Detecting offensive language by integrating multiple linguistic phenomena

  1. PLAZA DEL ARCO, FLOR MIRIAM
Supervised by:
  1. Luis Alfonso Ureña López Director
  2. María Teresa Martín Valdivia Co-director

Defence university: Universidad de Jaén

Fecha de defensa: 30 January 2023

Committee:
  1. Mariona Taulé Delor Chair
  2. Eugenio Martínez Cámara Secretary
  3. José Camacho Collados Committee member

Type: Thesis

Teseo: 819869 DIALNET

Abstract

Social media have grown into the prirnary means of communicating between people, allowing users to have conversations and share their opinions. The rise in digital social connections has led to the dissemination of harmful communicatton. The Natural Language Processing arises for the development of computational systems to interpret human language. Giving computers this skill offers a plethora of benefits, including the potential to moderate harmful conduct on social media. This thesis relies on advanced methods based on transfer learning to tackle the offensive language detection problem.

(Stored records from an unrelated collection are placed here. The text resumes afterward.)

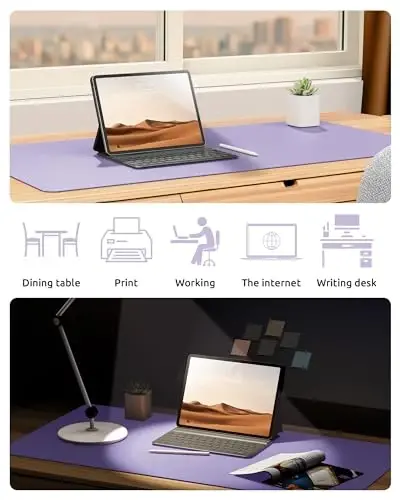 YSAGi Leather Desk Protector, Office Mat, Large Mouse Mat, Non-Slip PU Leather Blotter, Laptop Desk Pad, Waterproof Writing Pad for Office and Home (Light Purple, 31.5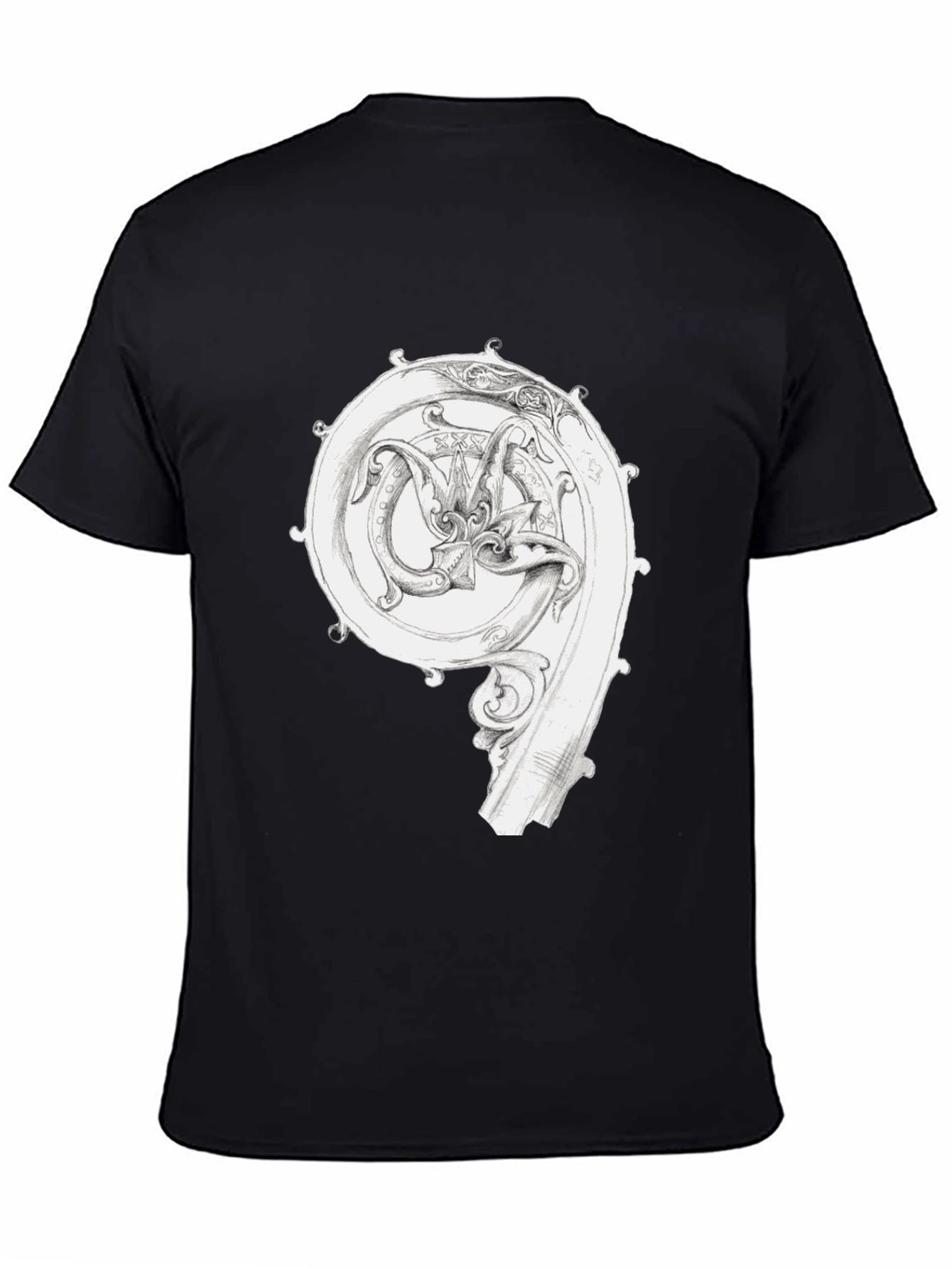 Ornate Initial T-Shirt - Unique Graphic Tee
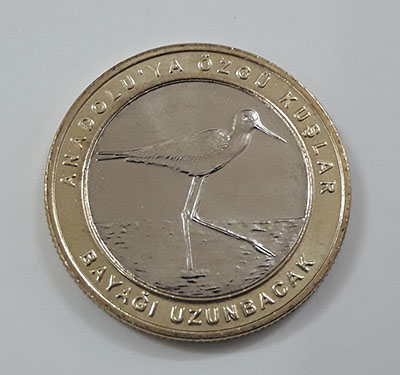 Foreign collectible double commemorative bird coin of Turkey 2019 (middle part of nickel coin and round rice coin)-zcc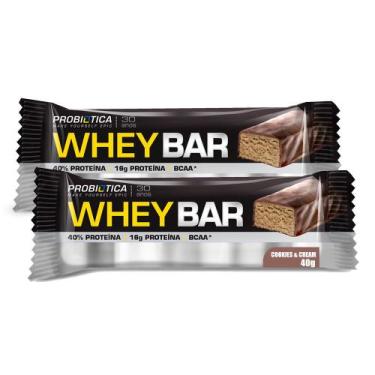 Imagem de Kit 2 Barra de Proteína Whey Bar Probiótica Sabor Cookies & Cream com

We have generated appropriate resources to enable us to train Machine Learning systems, particularly for Spanish , for which we discovered a significant lack of resources. Moreover, we have identified different linguistic phenomena that could occur in the expression of offensive language and proposed a novel methodology that relies on integrating these phenomena into a Multi-Task Learning system to detect more accurate this problem.